Qu'est-ce qu'être un individu à l'ère du codage généralisé ?
Voici le genre de questions que soulève son travail. A travers
"Portrait de groupe à un passage piéton", ce qui est en
cause c'est la relation de l'homme à la machine, de l'organique au
mécanique, du sujet à l'objet, de l'individu au standard. Le propos
de Laurent Neyssensas sur ce point n'est pas catastrophiste ni
technophobe. Il souligne avant tout la collaboration entre l'homme et
la machine et valorise le jeu de l'artiste à travers les contraintes
de l'ordinateur. Il nous permet de comprendre les rapports inédits à
la singularité et à l'identité introduits par les machines
informatiques.
L'informatique
permet le clonage numérique, la copie rigoureusement identique à
son modèle. Ainsi, une photographie, un film, un son, enregistrés
comme une suite de données numériques, donnent lieu à une infinité
d'actualisations sur écran ou papier, enceinte acoustique ou casque
audio. Ce que Walter Benjamin appelle la reproduction mécanique
permet la copie de copie indéfiniment, et la distance infinie par
rapport au modèle, lequel disparaît à mesure que la copie est
modifiée, pour devenir non plus seulement imitation de la réalité
mais simulation. Platon, dans la République,
affirme que l'artisan copie le lit idéal, modèle de tous les lits
possibles, et l'artiste copie celui de l'artisan. Ce processus
mimétique entraîne d'après lui une dégradation par rapport au
modèle, une perte de vérité, d'authenticité, d'aura. L'allégorie
de la caverne de Platon se perpétue dans la critique du spectacle
d'un Debord ou du simulacre d'un Baudrillard. Le virtuel est ainsi
considéré péjorativement par les multiples courants réalistes
(les courants nominalistes sont plus indulgents). Nous risquerions de
nous couper définitivement du réel à force de le simuler. Le sens
même du monde pourrait nous échapper définitivement.
On peut
cependant aborder la question de la copie et de la virtualité de
manière moins dramatique, plus ludique et post-moderne. La
dramatisation est rendue impossible du fait des limites mêmes de la
machine. La technique est tournée en dérision (à la manière de
Buster Keaton ou de Gaston Lagaffe). L'échec du contrôle numérique
peut alors sembler aller de soi, soit en raison d'une résistance
constitutive du biologique au mécanique, soit parce que les machines
restent toujours trop schématiques et faillibles. Les êtres vivants
ne sauraient être entièrement réductibles à un ensemble de
données. On ne peut raisonnablement craindre que les machines nous
asservissent plus que ne le font les hommes. Pour illustrer cette
limite de la machine, on peut prendre comme exemple la traduction
automatique. La machine est capable de traduire plus rapidement que
nous le vocabulaire d'une langue dans une autre, mais elle est
incapable de restituer intelligemment le sens d'un énoncé. Au lieu
de déplorer les limites de la machine, il faudrait célébrer en
elles une source intarissable d'inspiration et de création. Là où
la machine échoue, là est la liberté. Car il ne peut surgir de
nouveauté sans hasard, sans accident, sans contingence. Toute
avancée se fait sur fond d'imprévisible. Pas de création sans
liberté, et pas de liberté sans défaillance des mécanismes.
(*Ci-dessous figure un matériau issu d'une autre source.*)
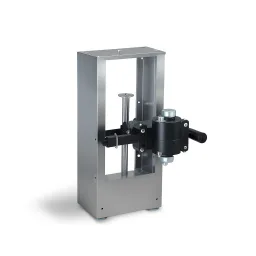 Valve Bag Packer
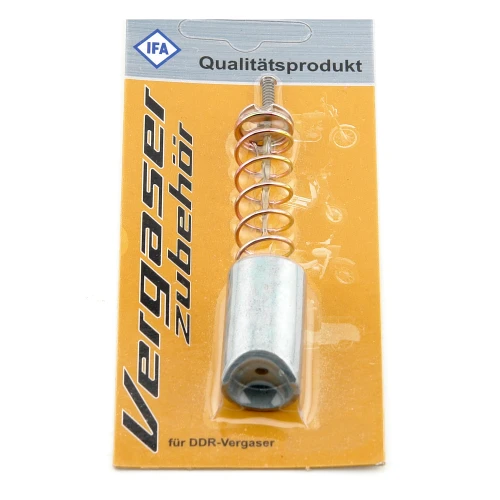 Przepustnica gaźnika SIMSON BVF 16N3 kpl. IFA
Ainsi, la liberté est liée à la singularité, laquelle suppose une
discontinuité dans la chaîne des causalités. Si tout est programmé
d'avance, la création devient impossible ou illusoire.
Dans cette
exposition, Laurent Neysensas part d'une seule image, au lieu de
puiser dans la masse gigantesque des images de son journal
photo-téléphonique (des images prises avec son téléphone portable
et publiées quasi-simultanément sur le web). De toutes les
photographies prises en une semaine au japon, une seule sert de
matrice à l'ensemble de l'exposition. L'auteur paraît se résoudre
à jeter par dessus bord une masse documentaire imposante. Il reste
donc une photographie comparable à un code génétique ou à un
algorithme, à partir duquel seront déclinées d'autres images, pour
former un univers fractal où chaque partie imitera le tout en le
modifiant. Mais tout cela, bien sûr, est pratiqué sur un mode
ironique, puisque la machine est trop bête pour faire autre chose
que semblant, tout comme les traducteurs automatiques feignent de
parler diverses langues.
Différents
niveaux de copies constituent l'exposition. Il y a d'abord la scène
originale et séminale représentant un groupe à un passage piéton
; puis, assez classiquement, des copies partielles et agrandies de
portraits. Ensuite, il y a la photographie du lieu de la scène
originale, le passage piéton, mais à un second moment et à
distance sur Google earth et non plus photographié manuellement. Le
même espace est ainsi considéré à un autre moment et par une
autre technique que la saisie directe. Enfin, il y a la recherche de
visages et de groupes similaires sur l'ensemble du web, grâce à des
moteurs de recherche, comme si le même groupe et les mêmes
personnes avaient pu exister en d'autres lieux et à d'autres
moments. L'ordinateur cherche des images de groupes ou d'individus
équivalentes à l'image originale. Il y a répétition esthétique
et formation mécanique de stéréotypes (ce qui trahit partiellement
l'usage stéréotypé de la photographie amateur). Mais, bien
entendu, l'équivalence esthétique, autrement dit la ressemblance,
n'est pas l'identité réelle des individus et des situations.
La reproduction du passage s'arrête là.